Moving into a Retirement Village NSW: What you need to know
When Australians think property we think investment. That’s why it can come as a bit of a surprise that purchasing a villa or unit in a retirement village is not a bricks-and-mortar investment. Instead, you’re actually going into a contract with the village operator and exactly how much you’ll see on your return is down to the details.
Despite heavy regulations retirement villages remain a contentious issue for consumer groups and residents. With confusion over contracts and complaints about ongoing fees it’s important you engage the services of an experienced solicitor to help you through your transaction.
We’ve handled retirement village contracts and disputes for our inner-west community since first opening our doors in 1996. Our staff has experience assisting you in every aspect of your purchase.
Just some of the retirement village cost issues you might face include:
The fact you’re not necessarily moving into a strata property. Over 90% of retirement village contracts are actually long-term leases where the operator retains ownership of the unit and the resident buys the right to occupy the home.

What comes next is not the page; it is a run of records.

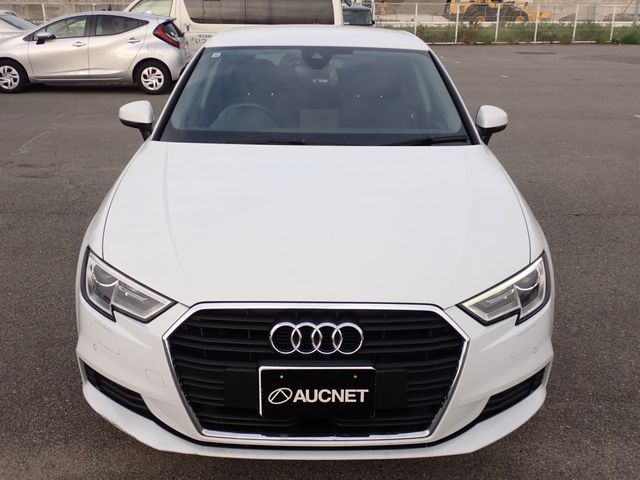 AUDI A3 SPORTBACK 2019 Image 31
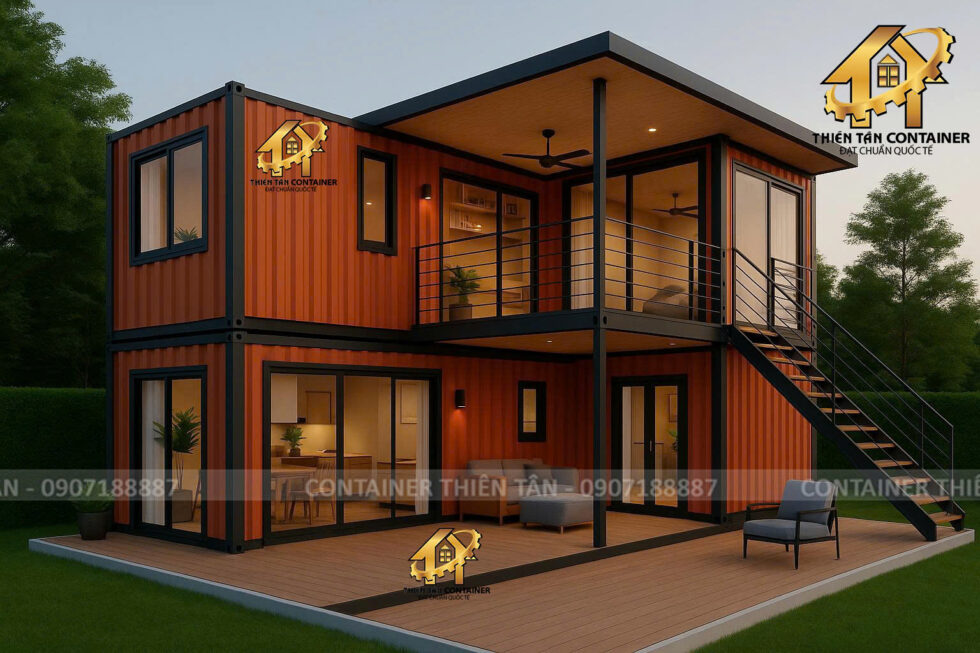 Mẫu container 2025 ( trên 300 mẫu) - Ảnh 104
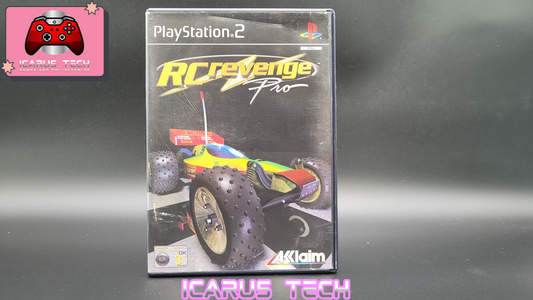 RC Revenge Pro | PS2 | PAL | CIB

Many residents will assume they or the family have full rights to capital gains made on the property at sale. After all you did pay an entry fee comparable to the median house price! But, most contracts will actually split capital gains between the operator and the resident and in some instance you might not be entitled to capital gains at all.
Living in a retirement village does not entitle you to aged care facilities. Many assume they would. And whilst it’s true some retirement villages have aged care facilities adjoining them, owned and run by the same operator, the two services are covered by completely different legislation. Aged care facilities fall under federal law and retirement villages under state law.

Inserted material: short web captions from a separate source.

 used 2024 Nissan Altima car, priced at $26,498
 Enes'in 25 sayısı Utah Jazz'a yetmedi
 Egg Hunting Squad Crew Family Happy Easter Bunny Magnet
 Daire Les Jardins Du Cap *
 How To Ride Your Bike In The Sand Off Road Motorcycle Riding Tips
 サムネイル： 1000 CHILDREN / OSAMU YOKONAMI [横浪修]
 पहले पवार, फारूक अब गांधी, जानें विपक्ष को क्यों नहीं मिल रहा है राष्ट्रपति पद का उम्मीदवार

There are many fees and charges and it can be confusing figuring out where your money is being spent. Retirement villages are a “lifestyle choice.” This means your village might have pools, tennis courts or golf courses. This could be great for some, and can be an appealing factor for many considering village living, but it’s important you understand you will be paying for the maintenance and operation of all these facilities through your ongoing fee structure. There are also entry fees (your initial purchase cost) and departure fees.
Your operator may also be operating as your agent when it comes time for you to leave. This means that your home could sit on the market uninhabited while you or your family is forced to pay ongoing maintenance charges.

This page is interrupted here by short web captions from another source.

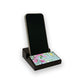 Retro Blooms Mobile Stand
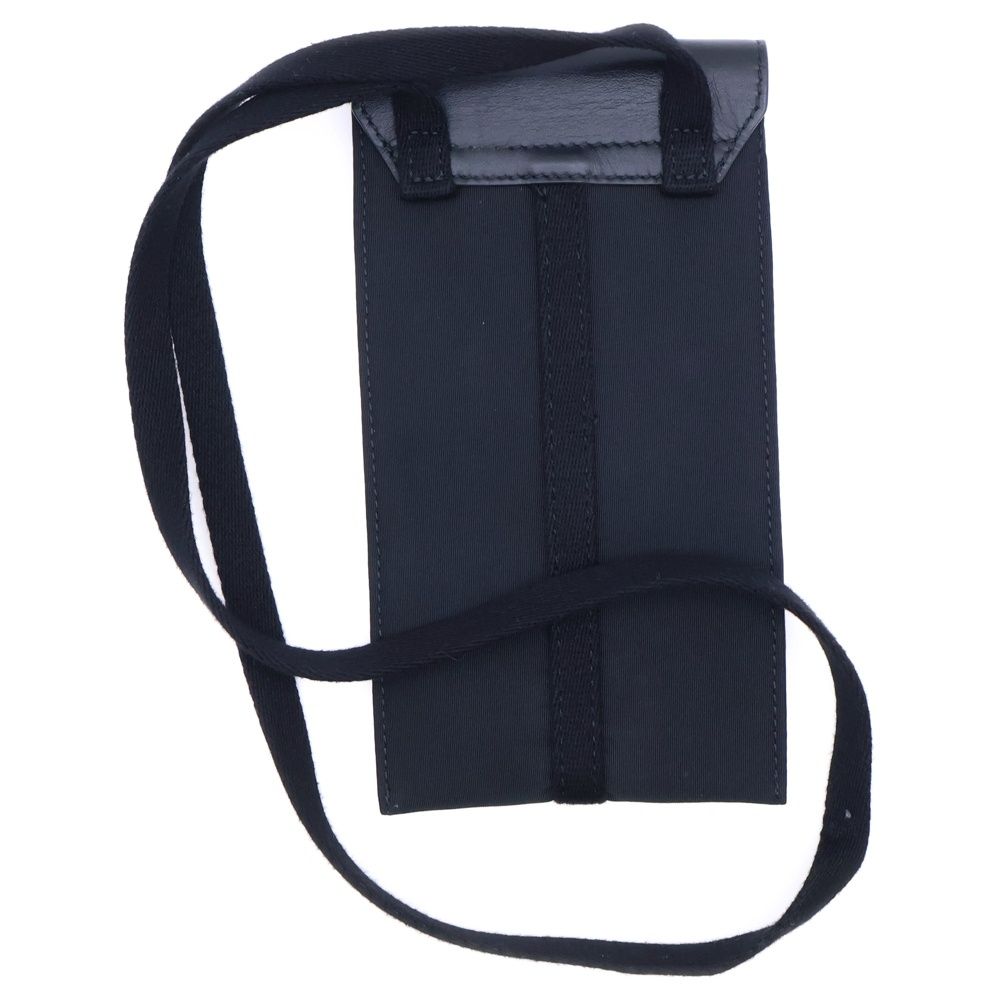 1017 ALYX 9SM (アリクス) ナイロン ショルダーバッグ ポーチ ブラック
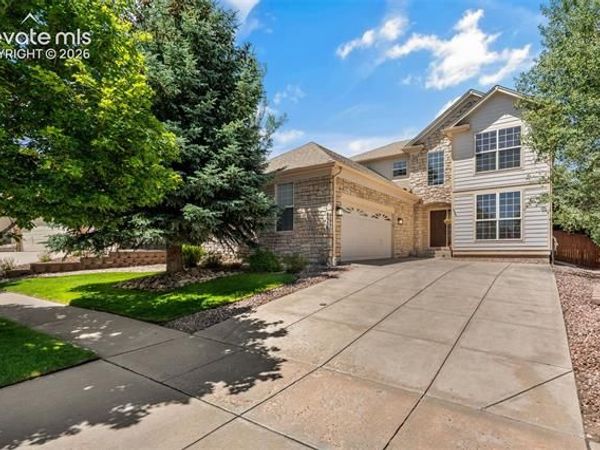 8956 Gold Bluff Drive, Colorado Springs, CO 80920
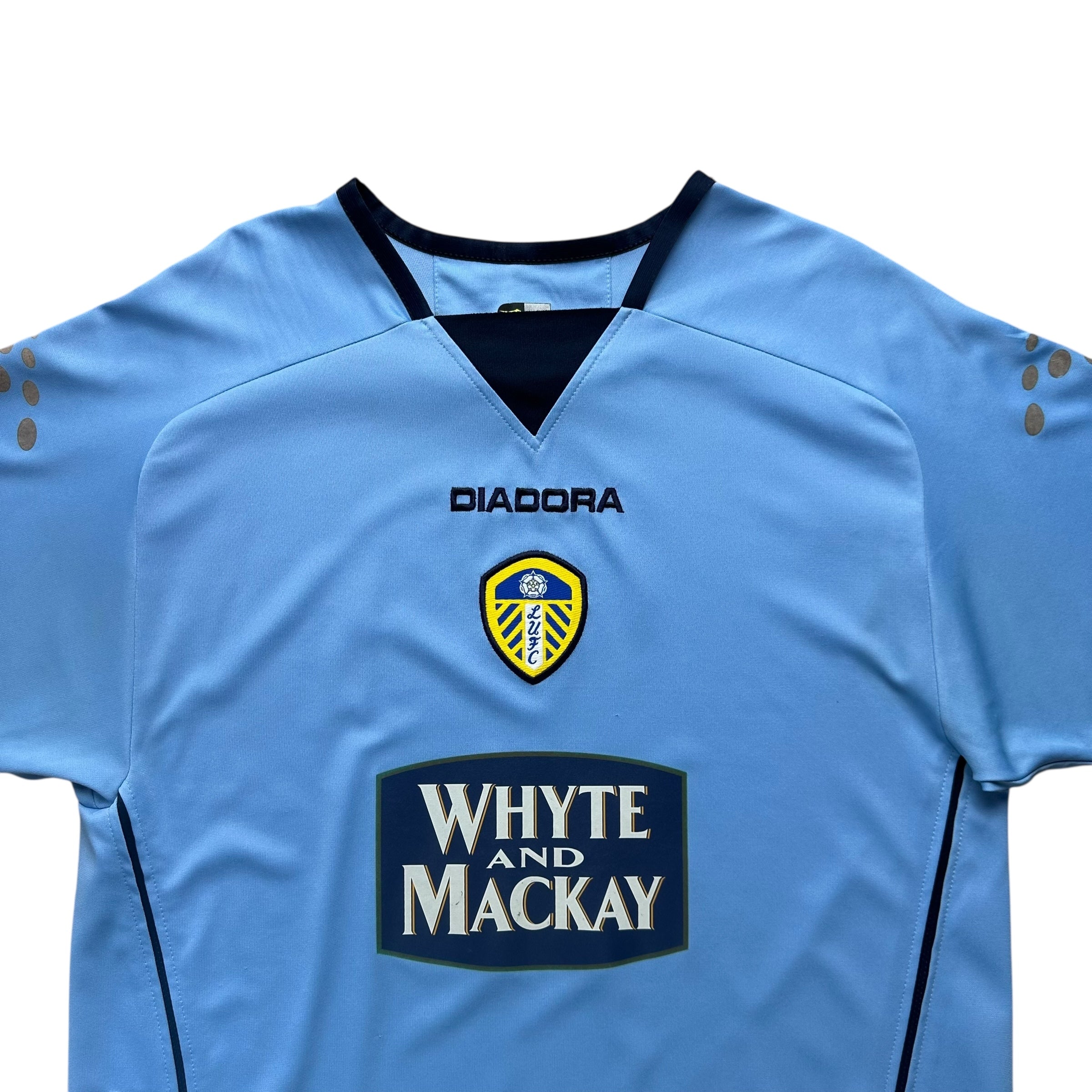Leeds United 2004-05 Away Shirt (S)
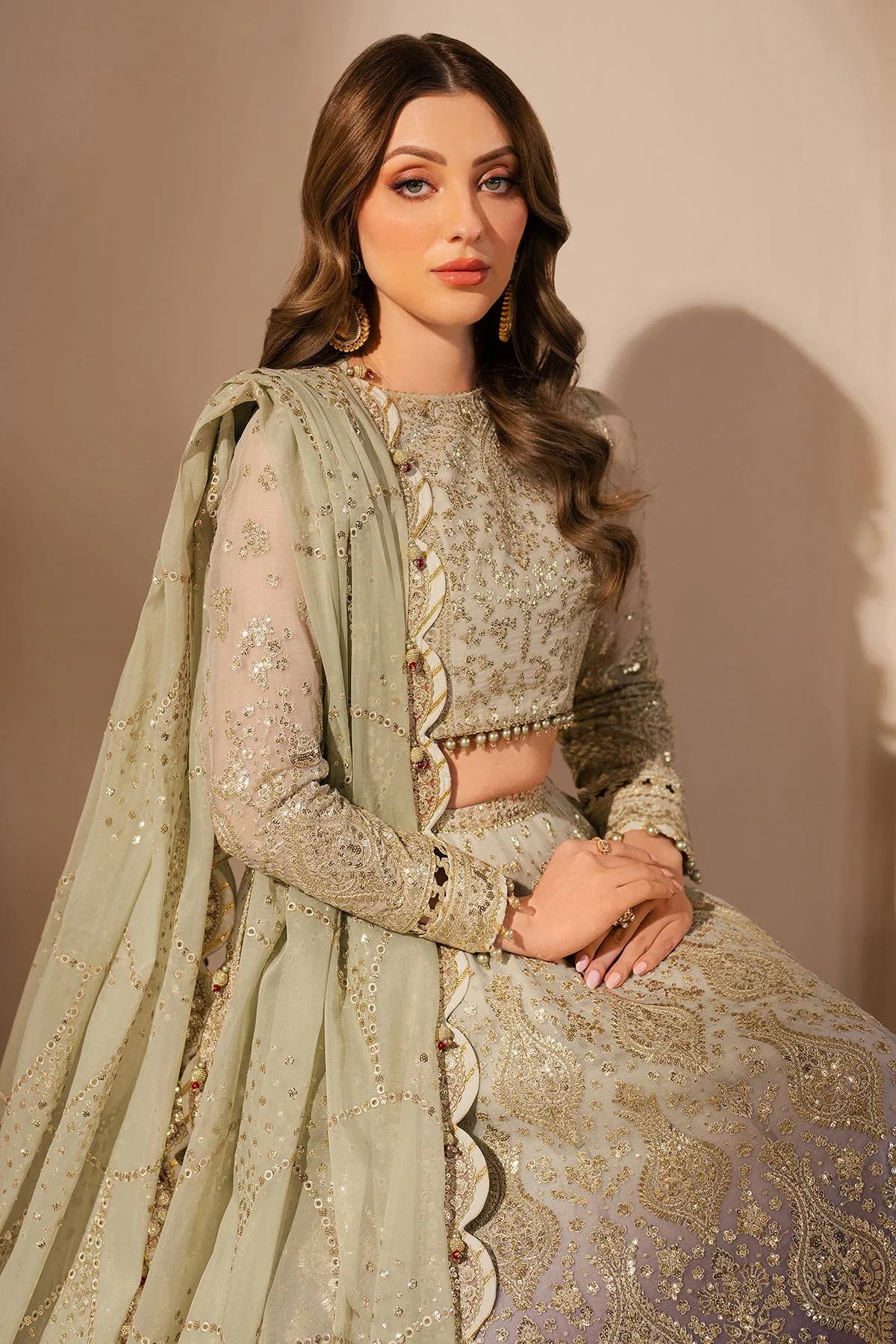 Jazmin WF'25-09 Chiffon Formals 2025 - Image 2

Many consumers express anxiety over the possibility of having to pay refurbishment costs when they leave. Importantly, residents should know that being pressured to pay refurbishment costs upon departure by your retirement village operator is absolutely prohibited under section 164 of the Act. Consumer groups still receive complaints of residents being pushed to pay for renovations ranging from the repainting of the unit to the installation of a new kitchen.
If you’re thinking about moving into a retirement village our staff can help make the process as stress-free as possible by helping you get the most out of your contract and securing your residence rights. We will:
Investigate and research your selected facilities to ensure your operator has a good reputation.
Ensure your selected facilities provide you with all documentation to help you in your decision.
Overlook your contract and walk you through it so that you and your family understand the purchasing, ongoing and departure fee structure.
Make sure you understand where and how your fees will be spent during your time at the retirement village.
Provide legal advice about securing your refund upon departure and;
Provide legal counsel during disputes with your operator.